#### Work task
Nothing but a number is wanted: the count of lines in the records below that include "Park".

(Records for the exercise)

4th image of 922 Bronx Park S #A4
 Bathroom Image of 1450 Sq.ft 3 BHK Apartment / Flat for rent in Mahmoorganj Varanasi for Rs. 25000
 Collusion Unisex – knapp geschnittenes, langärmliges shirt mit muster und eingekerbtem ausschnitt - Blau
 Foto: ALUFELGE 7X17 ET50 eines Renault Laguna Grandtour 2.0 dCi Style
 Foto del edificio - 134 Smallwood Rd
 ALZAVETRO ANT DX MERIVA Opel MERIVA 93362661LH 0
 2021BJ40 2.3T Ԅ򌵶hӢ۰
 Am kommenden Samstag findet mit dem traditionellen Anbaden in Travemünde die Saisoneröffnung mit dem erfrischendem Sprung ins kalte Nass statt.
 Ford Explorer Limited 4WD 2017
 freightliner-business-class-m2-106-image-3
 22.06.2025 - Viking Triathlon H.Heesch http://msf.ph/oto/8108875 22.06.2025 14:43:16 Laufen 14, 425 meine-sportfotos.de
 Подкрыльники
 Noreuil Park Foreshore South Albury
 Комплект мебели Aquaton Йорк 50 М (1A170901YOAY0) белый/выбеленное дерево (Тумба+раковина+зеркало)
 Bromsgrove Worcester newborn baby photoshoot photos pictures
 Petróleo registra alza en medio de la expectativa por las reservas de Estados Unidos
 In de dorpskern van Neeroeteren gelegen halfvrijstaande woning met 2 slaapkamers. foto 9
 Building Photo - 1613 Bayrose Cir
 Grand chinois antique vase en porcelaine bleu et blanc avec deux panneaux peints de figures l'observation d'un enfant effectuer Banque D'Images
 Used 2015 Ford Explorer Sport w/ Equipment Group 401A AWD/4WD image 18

(End Records for the exercise)

#### Expected answer
2